After gaining a high position on the mountain Bundy continued to the north toward town, passing through what he describes as the Aspen sewage plant and dropping down the west side of the mountain again into Castle Creek Canyon where, proceeding westward he crossed Colorado Highway 82 into the golf course at the Prince of Peace Chapel. Entering the golf course he fell in a very dense patch of brush, and because of his self-described state of exhaustion and emotion, fell down, where he remained for about an hour, unable to orient himself either spatially or temporally. Finally he regained his feet and entered the residential area around Cemetery Lane, where he walked around for several hours undetected before deciding to steal a car and make a final, all-out effort to escape.

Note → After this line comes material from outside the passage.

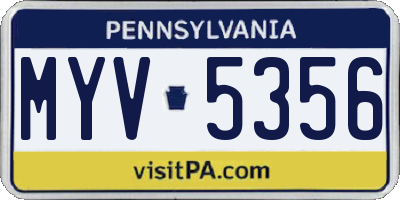 PA license plate MYV5356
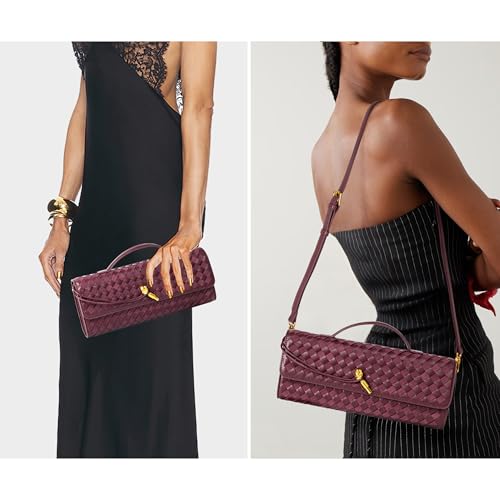 Joryin Woven Purse For Women Evening Clutch Woven Leather Handbags Crossbody Bag Suede Purse Formal Evening Bag, Red Wine - Image 2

The Cadillac he stole, and was later picked up in, was found in the Cemetery Lane area with the doors unlocked and the keys in the ignition. Bundy first drove through town toward Independence Pass but turned around because of the highway department barricade closing the road. He decided he would attempt to run another roadblock he expected to encounter somewhere downvalley. If he was successful, he intended to trade the expensive camera in the car for gasoline. Bundy was headed back into town when he encountered Officers Gene Flatt and Maureen Higgins.
The Seattle Times
“Bundy could have outrun patrol car,” by Richard Larsen
June 15, 1977
Ted Bundy, who was driving a stolen Cadillac when he was captured Monday morning, could easily have outraced the patrol car of the two sheriff’s deputies who stopped and arrested him.
Officials said the sheriff’s car was in such bad mechanical shape it had a top speed of only 30 miles an hour. “It’s a good thing Bundy didn’t try to outrun them,” said a Pitkin County sheriff’s officer. In fact, all five sheriff’s cars which were on the road through the six-day search for Bundy were reportedly in bad shape.
Sheriff Dick Kienast said, however, that even if Bundy had driven away at high speed from the scene of his capture, he probably would have been stopped at one of the roadblocks that still were being manned. Bundy, a convicted kidnapper who is facing trial for murder, surrendered without resistance when two deputies stopped him…
Kienast said that the escape came at a bad time so far as the sheriff’s small fleet of cars was concerned. New cars were ordered early in the year, but had not been delivered.
The sheriff recalled that residents in a remote part of the county took steak dinners to deputies manning a mountain roadblock. “Near the end,” Kienast said, “the deputies were trying to get assigned up there.”
A physician visited Bundy in his cell yesterday and reported that the ex-Seattleite had a knee strain, blistered feet, and various abrasions. Bundy reportedly hurt his knee in a fall on some rocks on a mountain face Sunday.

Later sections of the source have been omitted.